AMD explained Microsoft's upcoming DirectX12 API will finally enable the use of Asynchronous Shaders to process multiple command streams in parallel. Each queue can submit commands without waiting for other tasks to complete which promises to result in performance gains thanks to more efficient use of computing power. Full details on how it works can be read at Tom's Hardware.
In DirectX 12, however, a new merging method called Asynchronous Shaders is available, which is basically asynchronous multi-threaded graphics with pre-emption and prioritization. What happens here is that the ACEs (Asynchronous Compute Engines) on AMD's GCN-based GPUs will interleave the tasks, filling the gaps in one queue with tasks from another, kind of like merging onto a highway where nobody moves to the side for you. Despite that, it can still move the main command queue to the side to let priority tasks pass by when necessary. It probably goes without saying that this leads to a performance gain.

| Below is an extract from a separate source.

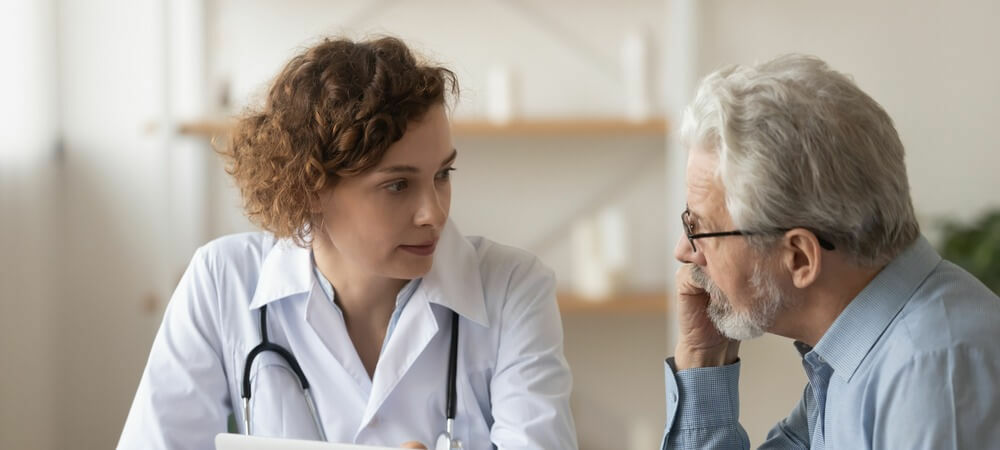 A doctor meeting with a patient.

On AMD's GCN GPUs, each ACE can handle up to eight queues, and each ACE can address its own fair share of shaders. The most basic GPUs have just two ACEs, while more elaborate GPUs carry eight.
AMD provided one performance example: the firm ran the LiquidVR SDK sample and achieved 245fps with Asynchronous Shaders off and post-processing off. With post-processing enabled, the framerate fell to 158fps but by enabling Asynchronous Shaders it jumped to 230fps. This means they basically got post-processing effects at almost no performance hit.